INFORMATION:
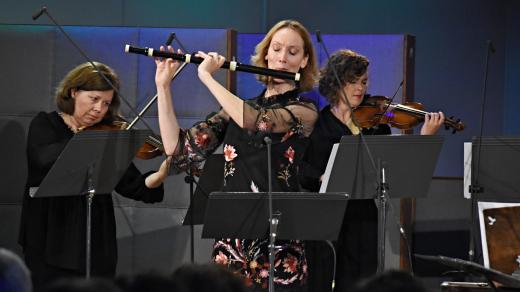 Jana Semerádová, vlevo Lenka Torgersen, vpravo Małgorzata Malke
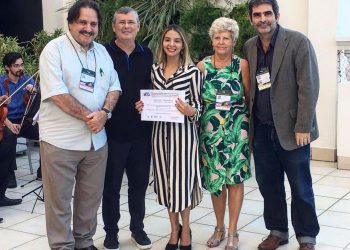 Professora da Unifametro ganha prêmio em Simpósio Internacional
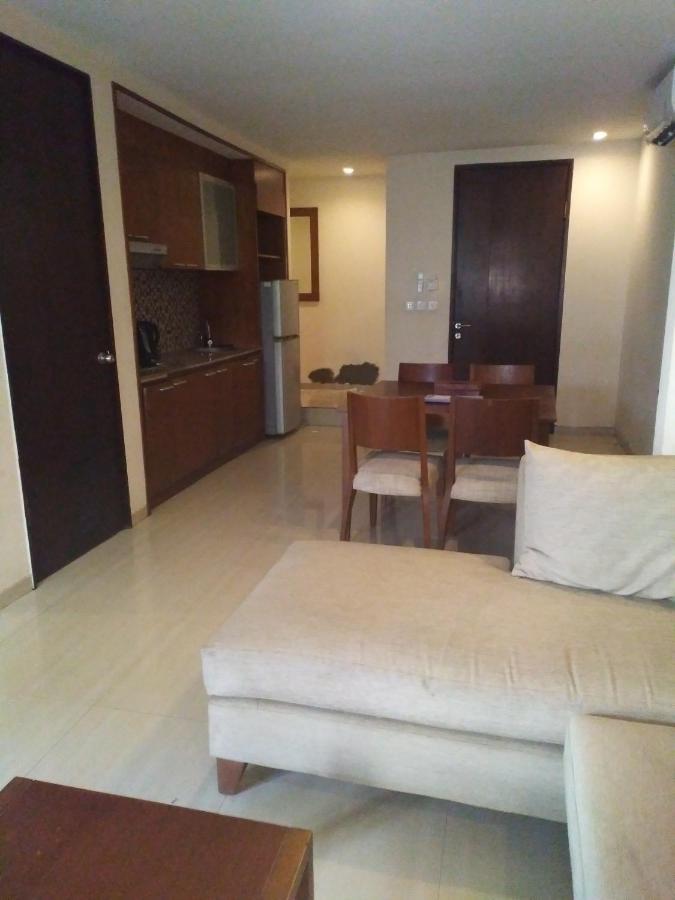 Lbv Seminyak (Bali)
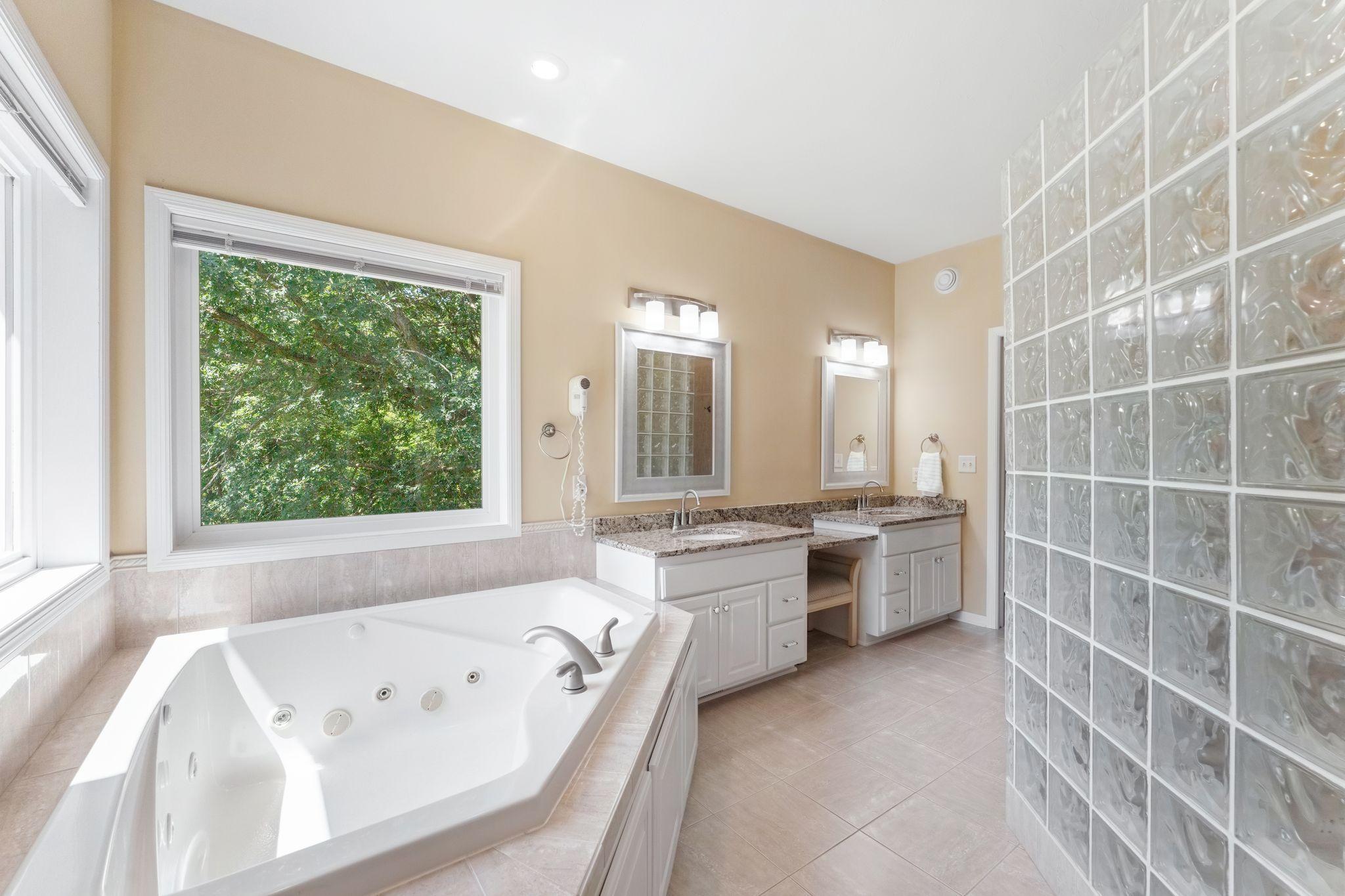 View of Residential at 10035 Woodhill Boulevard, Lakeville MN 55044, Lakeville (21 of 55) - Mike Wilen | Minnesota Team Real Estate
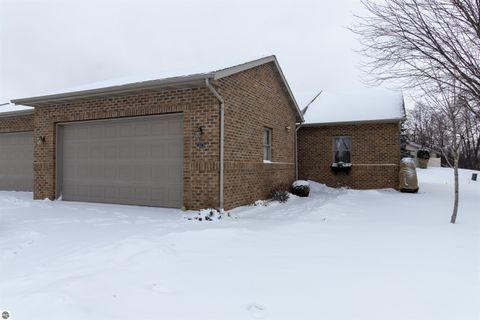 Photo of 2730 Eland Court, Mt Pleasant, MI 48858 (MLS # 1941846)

...

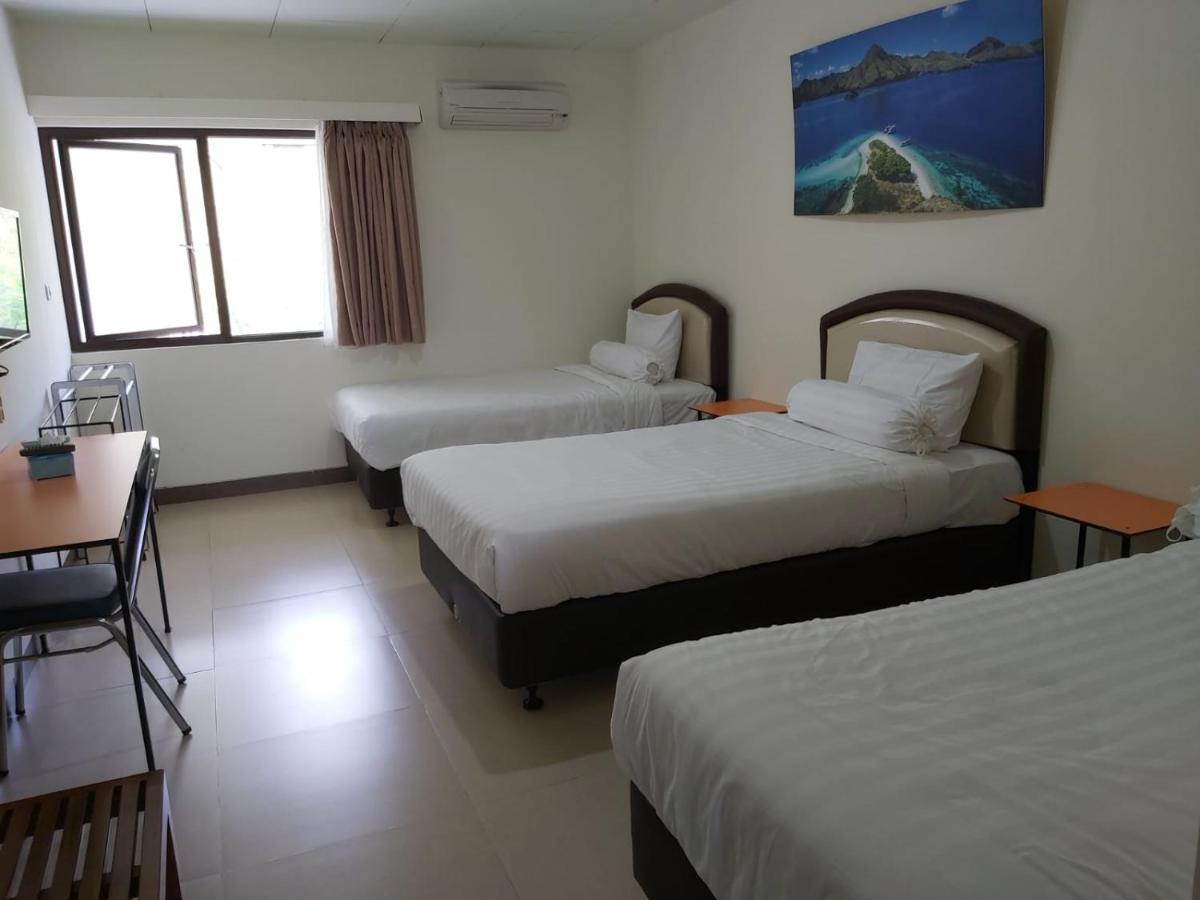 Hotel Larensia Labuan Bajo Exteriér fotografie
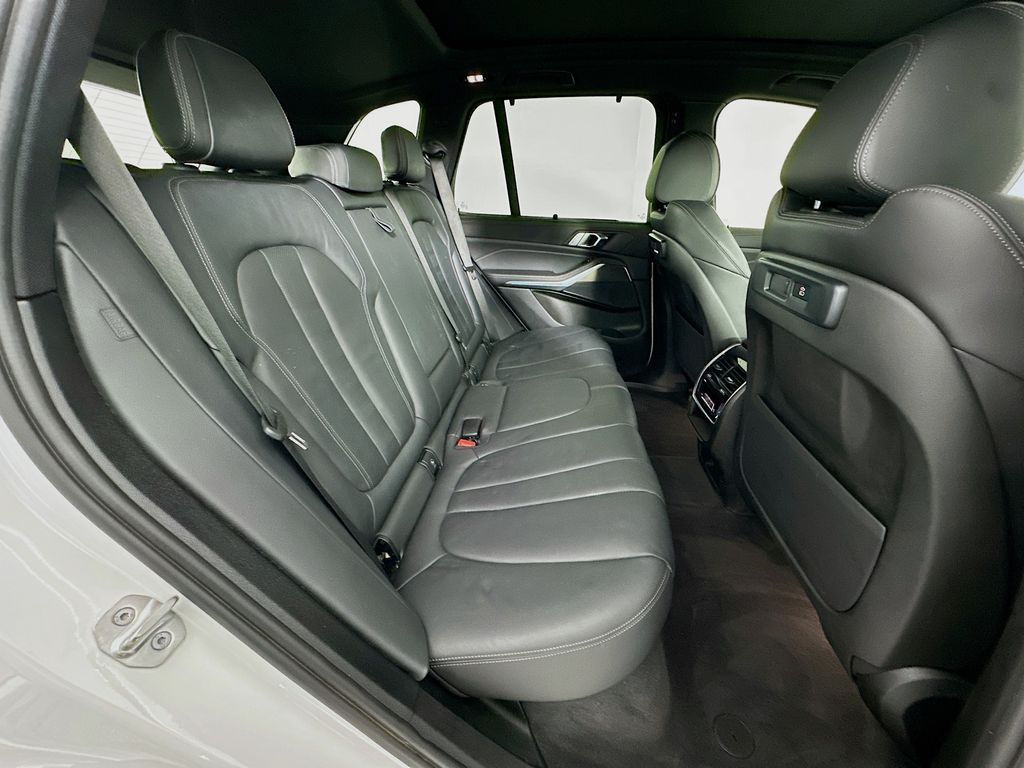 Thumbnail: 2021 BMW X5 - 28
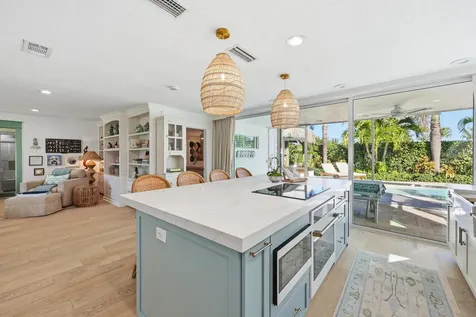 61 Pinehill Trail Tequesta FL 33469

...

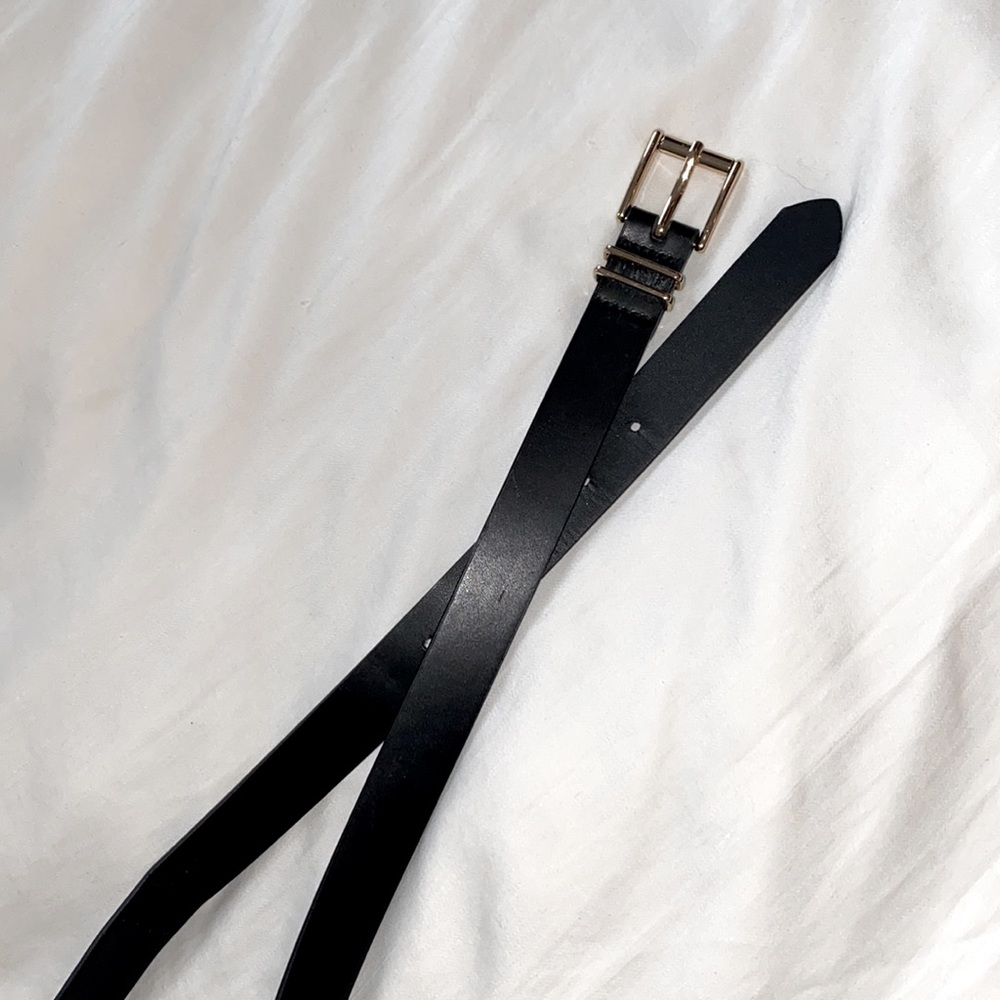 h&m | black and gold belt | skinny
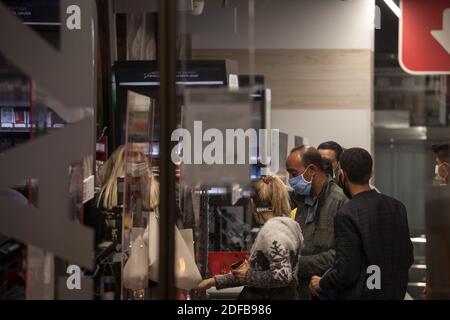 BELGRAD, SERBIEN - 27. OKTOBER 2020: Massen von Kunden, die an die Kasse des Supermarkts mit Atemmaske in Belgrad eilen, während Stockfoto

ACTIVITY: Print exactly the lines above that run from the one with "h&m | black and gold belt | skinny" to the one with "BELGRAD, SERBIEN - 27.", both included. No pictures.

TASK ANSWER:
 h&m | black and gold belt | skinny
 BELGRAD, SERBIEN - 27. OKTOBER 2020: Massen von Kunden, die an die Kasse des Supermarkts mit Atemmaske in Belgrad eilen, während Stockfoto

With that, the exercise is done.